» **EXERCISE REQUIREMENTS**
Write out, without any change, the lines in the material below that run from the line with "10-Foot Inflatable Stand-Up" through the line with "GE - Spacemaker", both included.

» **DATA UNDER STUDY**
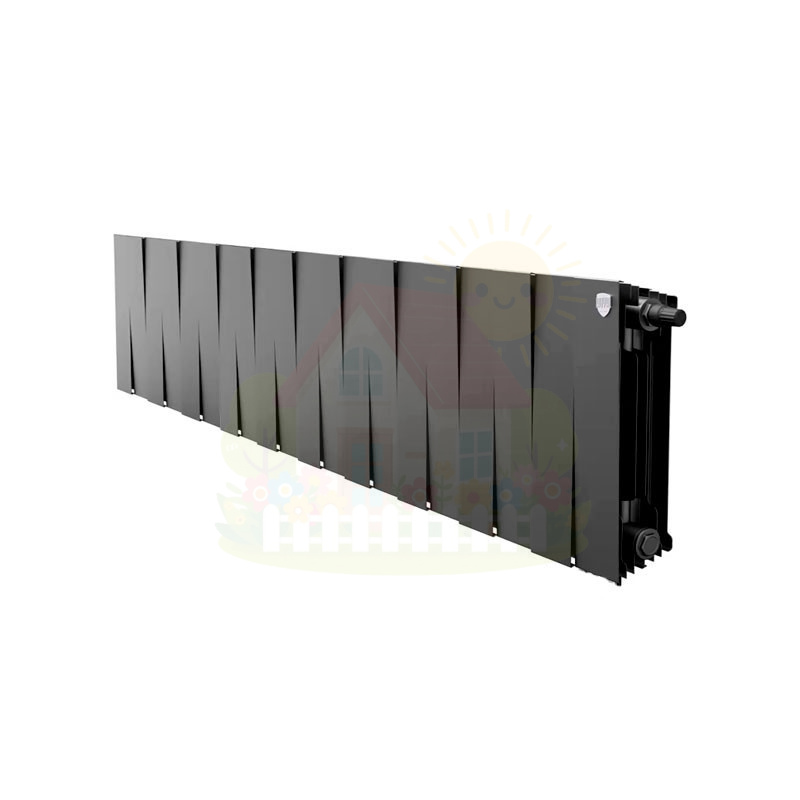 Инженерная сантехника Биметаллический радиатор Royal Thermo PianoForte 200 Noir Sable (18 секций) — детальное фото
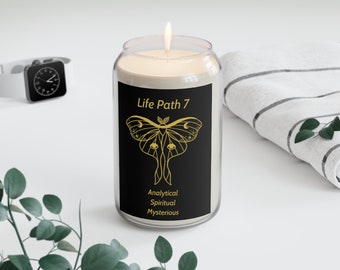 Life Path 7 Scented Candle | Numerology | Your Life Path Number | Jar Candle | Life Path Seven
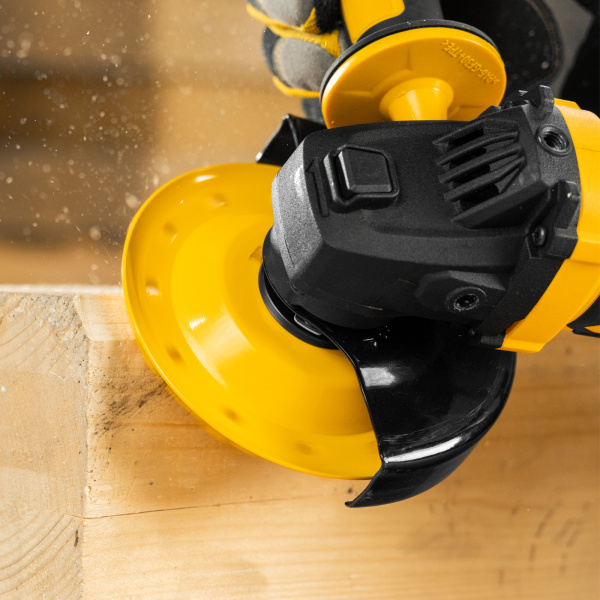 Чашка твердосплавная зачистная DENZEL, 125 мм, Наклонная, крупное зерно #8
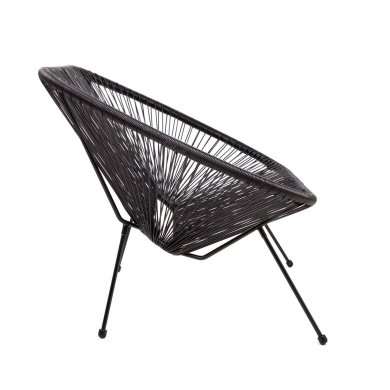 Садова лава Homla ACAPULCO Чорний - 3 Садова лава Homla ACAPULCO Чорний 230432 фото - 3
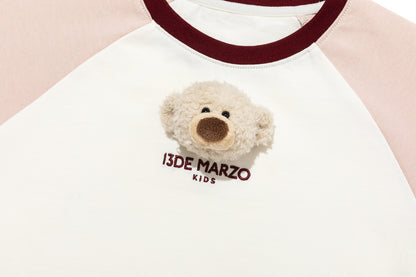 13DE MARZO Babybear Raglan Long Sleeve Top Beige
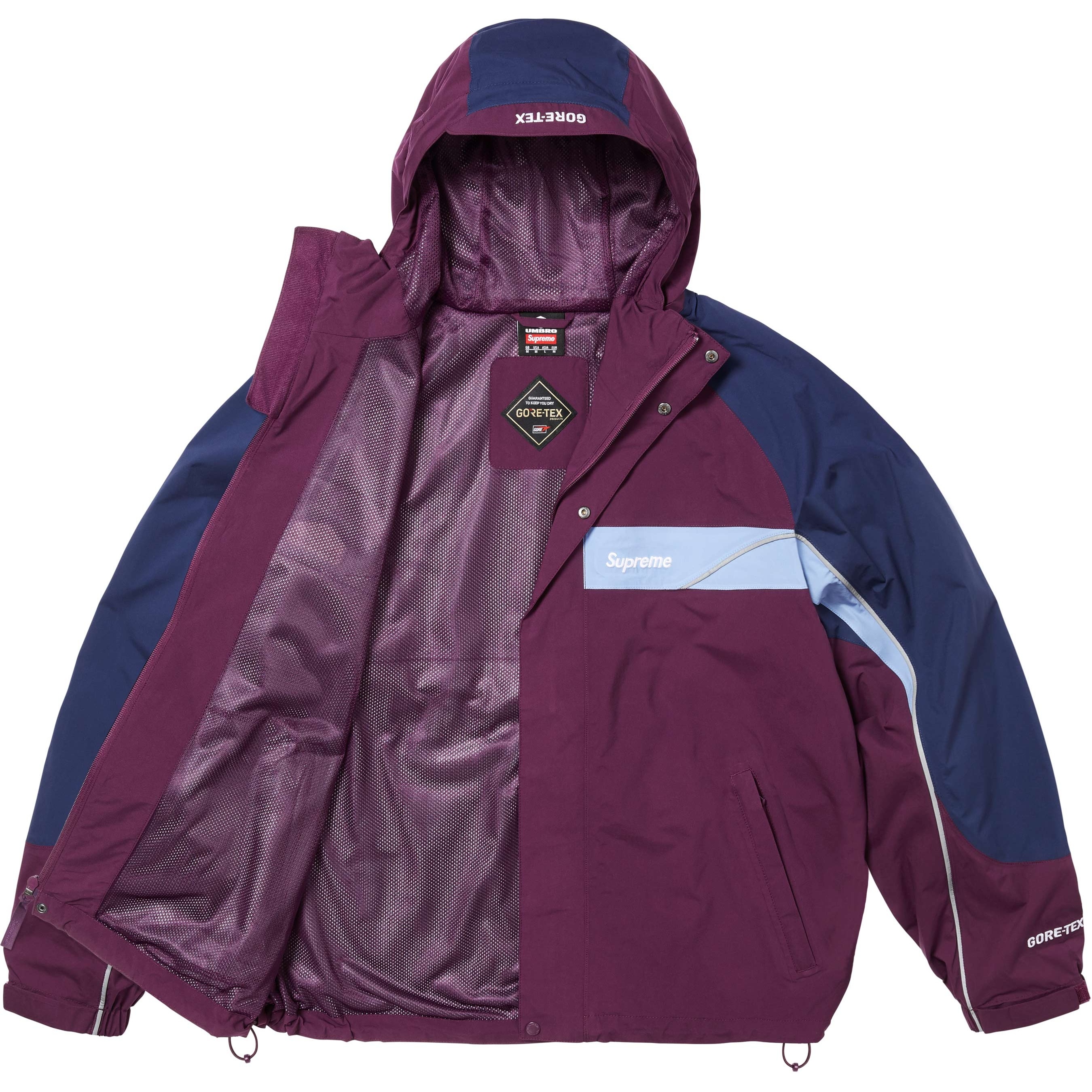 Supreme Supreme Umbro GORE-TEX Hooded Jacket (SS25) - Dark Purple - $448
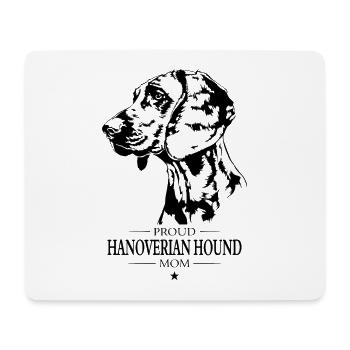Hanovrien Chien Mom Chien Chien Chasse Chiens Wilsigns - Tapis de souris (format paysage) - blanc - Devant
* * *
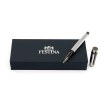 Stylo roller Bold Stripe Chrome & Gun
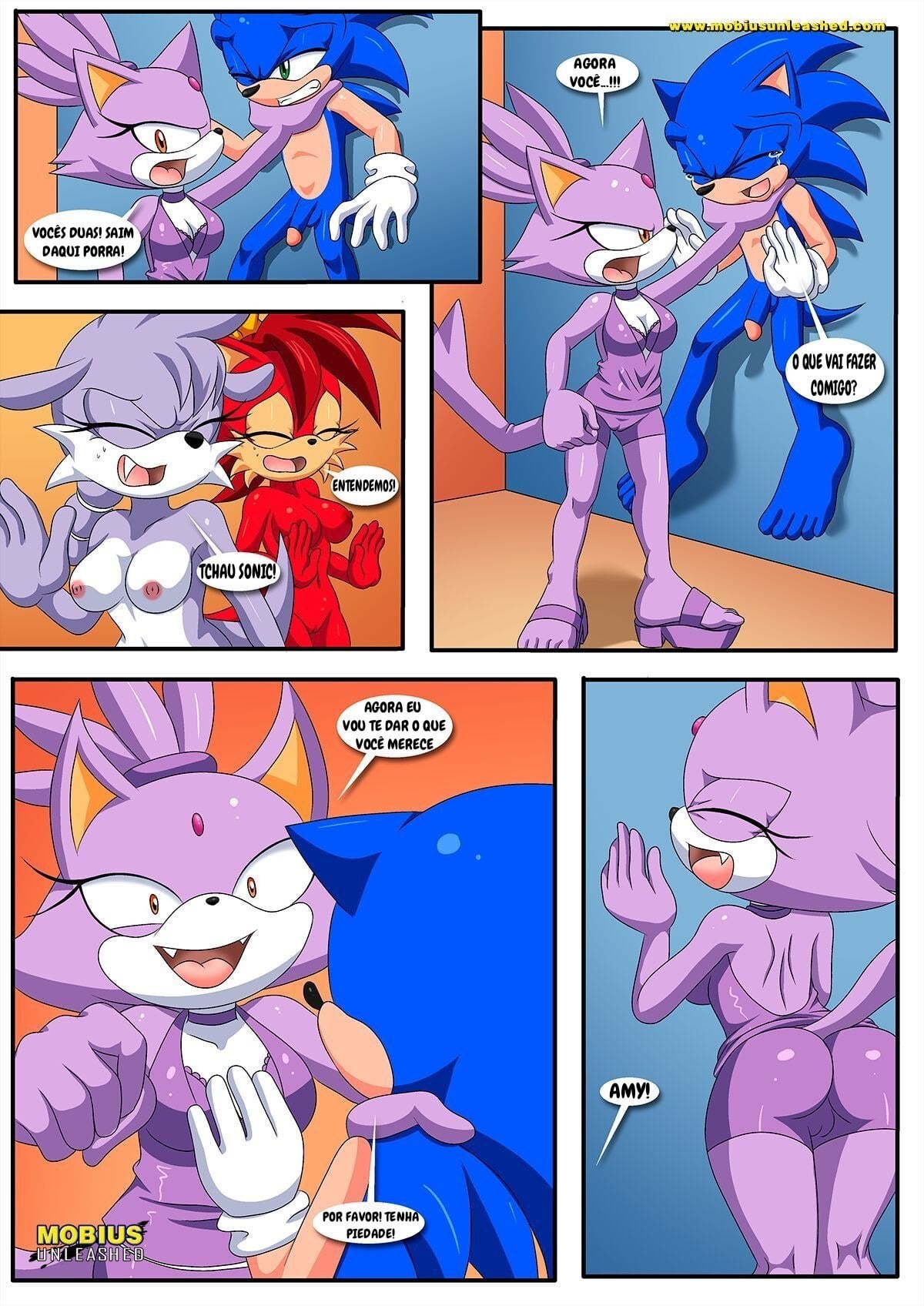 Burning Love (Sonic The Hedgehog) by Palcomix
==
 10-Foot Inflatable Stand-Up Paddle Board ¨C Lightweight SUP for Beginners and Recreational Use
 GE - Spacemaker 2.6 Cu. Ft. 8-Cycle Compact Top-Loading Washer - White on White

» **RESULT FOR THIS TASK**
 10-Foot Inflatable Stand-Up Paddle Board ¨C Lightweight SUP for Beginners and Recreational Use
 GE - Spacemaker 2.6 Cu. Ft. 8-Cycle Compact Top-Loading Washer - White on White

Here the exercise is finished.